[This article was originally published in my weblog in August 2002. Some of the photos were lost, but the information is complete.]
Yes, it's called a puni. No snickers, please. I think puni is an Indian word for "roll" (but don't quote me on that. I couldn't find a direct translation.) It is a wonderful cotton preparation that resembles a small, dense rolag. They are easy to make yourself with cotton handcards and a knitting needle. This tutorial will show you how.
Tools and materials
To make punis you will need cotton handcards (with very fine-toothed carding cloth), an assortment of knitting needles, and cotton fiber.
I've only ever made punis with matte Upland cotton. If the fiber you have isn't labeled, it is most likely Upland cotton, which is by far the most common cotton fiber sold to handspinners.
[October 2008: I experimented with slippery long-stapled cottons like Pima and Acala a year after this entry, and they made beautiful punis as well.]

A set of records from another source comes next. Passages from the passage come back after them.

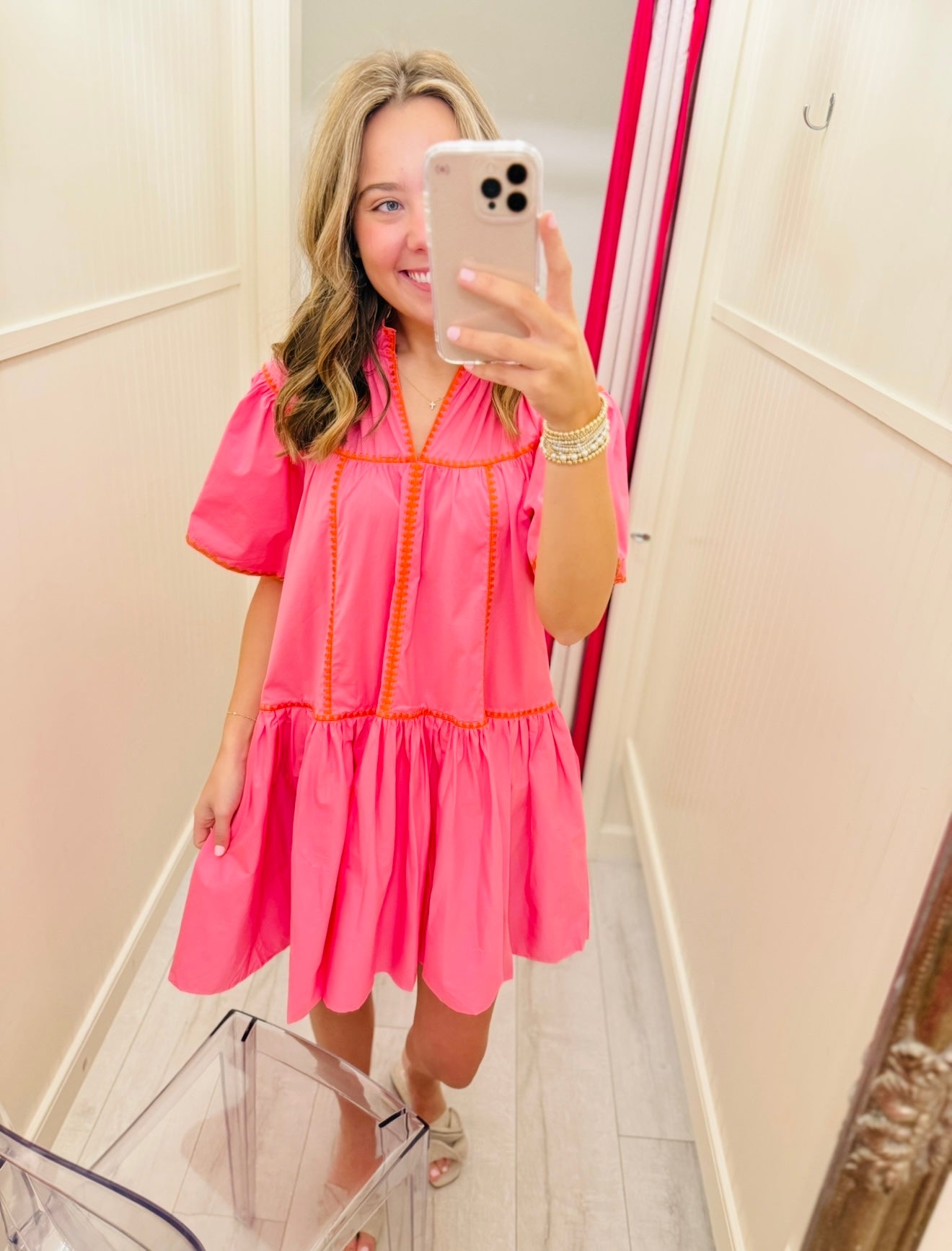 Karlie/ The Solid Contrast Tier Dress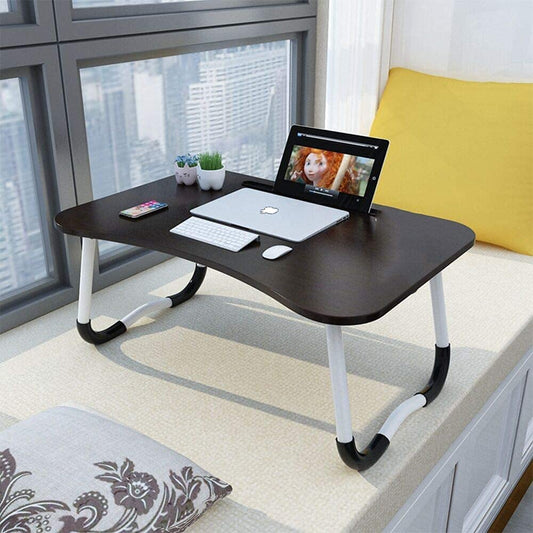 Adjustable laptop bed table Lap Standing Desk for bed and sofa Laptop Lap Desk Folding Breakfast Serving Tray Notebook Stand Reading Holder for couch floor Kids (60 x 40 cm)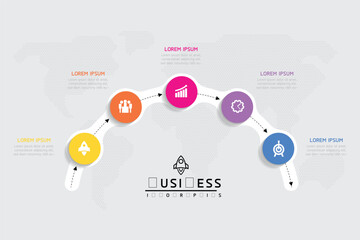 Wall Mural - vector business presentation connecting steps infographic template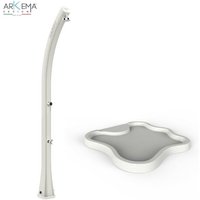 Arkema Design - Happy 120 Arkema 23 Lt Solardusche mit Fußwascharmatur Mit weißer Duschwanne Weiß von ARKEMA DESIGN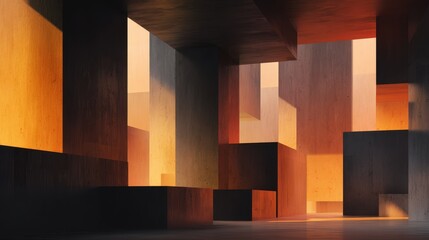 Poster - Abstract architectural scene with illuminated geometric forms creating a warm atmosphere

I generally start with prepared cotton rovings, since they're easy to find. But any sort of cotton will work, provided it's been ginned and the seeds removed. Old, stashed cotton that's been compacted into flat pancakes will work just as well as puffy shiny new rovings. Cotton is very forgiving that way.
You can start with plain old white cotton, or dye the cotton before you start to make variegated punis like the ones I've made here. Again, there are many choices.
Step 1. Load the handcards with a thin layer of cotton. Keep the layer about 1/16th to 1/8th inch thick. If you're in doubt, take some off. Too much cotton will make fat punis that don't spin well. I am blending three colors in this batch of punis but you can of course use as many or as few colors as you'd like.
Step 2. Gently card the cotton as if you were brushing the hair on a doll. It is a little different than wool carding. The cotton naturally sinks deep into the carding cloth. So you will need to mesh the teeth of the cards together and then lightly pull the top card up and out of the teeth, brushing the ends of the cotton fibers as it moves. (Don't drag the teeth through each other. The rhythm is mesh, pull up. Mesh, pull up.) The goal is to make a thin, even layer of cotton. Notice the feathering of cotton fibers hanging off the top edge of the card when I was done.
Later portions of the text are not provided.